[Haskell-cafe] Edit Hackage
la at iki.fi
Fri Oct 29 21:22:17 EDT 2010
On Thu, Oct 28, 2010 at 01:55:12PM -0700, Don Stewart wrote:
> The number of subscribers to the Haskell Reddit, for example, is double
> the -cafe@, and there are comparable numbers of questions being asked on
> the Stack Overflow [haskell] tag, as here -- so anyone who only reads
> -cafe@ is already missing a lot of stuff.
> A lot of the community has already voted on the efficacy of mailing
> lists for large communities, by moving their discussion elsewhere.
Do you mean that people have actually unsubscribed from the list in
favor of only following web-based media? New people who only join the
web forums do not "vote" since they may not even know about the
I know that this is a hopeless battle, but since I feel very strongly
about this, I'll indulge in defending the mailing list even though
this is rather off-topic.
The reasons why I prefer mailing lists (and newsgroups, rest in piece)

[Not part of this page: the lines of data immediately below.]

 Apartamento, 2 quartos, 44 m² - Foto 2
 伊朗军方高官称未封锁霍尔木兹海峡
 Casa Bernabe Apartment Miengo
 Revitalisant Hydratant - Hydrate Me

over web-based discussion forums:
* Usability: mail and news clients provide a consistent interface to
all the discussions, and the customizability and diversity of
clients ensures that everyone can access the discussions the way
they like it. In contrast, web forums come with their built-in
interfaces, and if you don't like them, you are SOL.
* Scalability: related to the above, since mail and news provide a
consistent interface to all the discussions, adding new lists and
groups to be followed requires minimal effort since they just show
up as new items whose updates get tracked automatically. In the
worst case, adding a new web forum to be followed requires visiting
the site frequently to check whether new messages have arrived. RSS
and similar syndication technologies help, thankfully, but support
for them is inconsistent, and often incomplete (they might not
notify about new comments, only new topics). I subscribe to tens of
mailing lists without problems. I wouldn't want to try to follow
tens of web forums regularly.
* Archivability: with mail and news, it is trivial for me to get local
copies of the discussions (and the messages I myself have written)
which I can peruse and search to my heart's content later without
being dependent on the continued functioning of some external
service. Although it is possible to save web pages locally, this
usually very inconvenient, especially if one wants the local copies
to be kept up to date with ongoing discussions.
* Offline support: related to the above, with mail and news fetching
and sending messages are separate from reading and writing
them. Hence one can read and write messages even when one is for
some reason not online. Web forums practically require an online
connection when one wants to read the discussions.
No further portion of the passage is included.